|Sawicki PT et al.|
Long-Term Results of Patient's Self-Management of Oral Anticoagulation
Journal of Clinical and Basic Cardiology 2003; 6 (1-4): 59-62
Keywords: Antikoagulation, Kardiologie, Lebensqualität, Thromboembolie, Anticoagulation, cardiology, quality of life, Self-Management, thromboembolism
Objective: Control of oral anticoagulation therapy has been reported to be often inadequate. Prospective controlled randomised short-term investigations suggest that patients' self-management of oral anticoagulation may lead to improved control. Prospective long-term studies of this intervention are not available. Design: Prospective, multicenter, follow-up study of a randomised interventional trial. Setting and subjects: A structured teaching and treatment programme for self-management of oral anticoagulation was offered to 178 patients. Follow-up was until death or for a period of five years resulting in 809 patient years (py). Main outcome measures: Accuracy of anticoagulation control, measures of treatment-related quality of life, bleeding and thromboembolic complications. Results: 134 Patients (89 %) of the 150 patients, available for the final 5-years examination performed self-monitoring, 116 (77 %) performed self-adaptation of coumarin dosage. At baseline 32 % of patients were within the INR target range; during the final year of the follow-up period, 62 % of INR self-measurements were within the target range. On self-monitoring the mean squared deviation from the mean of the individual INR target range was 0.44 (standard deviation [SD] in parantheses) (0.77).

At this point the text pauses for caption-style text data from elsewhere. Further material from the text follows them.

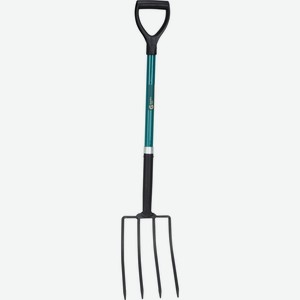 Вилы GIARDINO CLUB садовые фиберглас. черенок сталь S520FY, Китай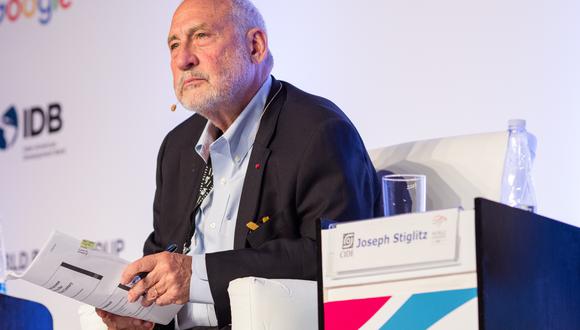 El ganador del premio Nobel de Economía de este año: Joseph Stiglitz. (Foto: Bloomberg)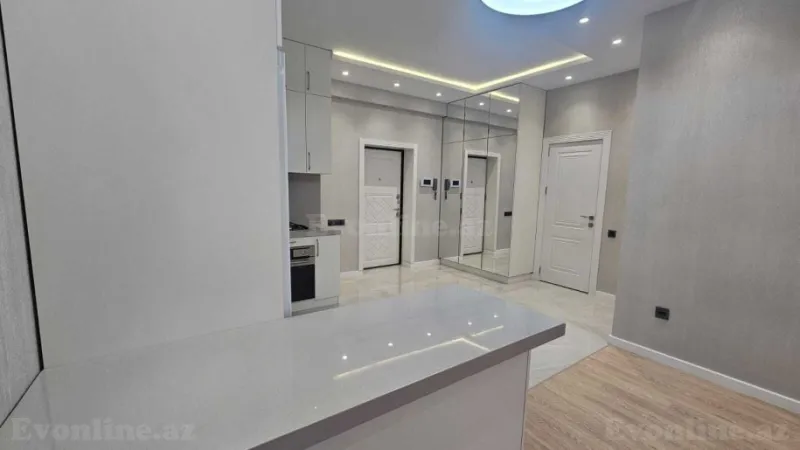 Kirayə verilir 2 otaqlı Mənzil Yeni tikili 90 m² Xətai m. - şəkil 8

The mean time within the target range was 225 days per year (d/y) and 80 d/y below and 60 d/y above the target range. During the follow-up period, 5 major bleeding complications (0.62 per 100 py) and 9 thromboembolic events (1.1 per 100 py) occurred. When compared to baseline, parameters of quality of life improved. Conclusions: We conclude that after participation in a structured teaching and treatment programme, compliance with self-management of oral anticoagulation persists in the long-term, results in an improvement of accuracy of anticoagulation control and quality of life and is associated with a relatively low risk of bleeding and thromboembolism.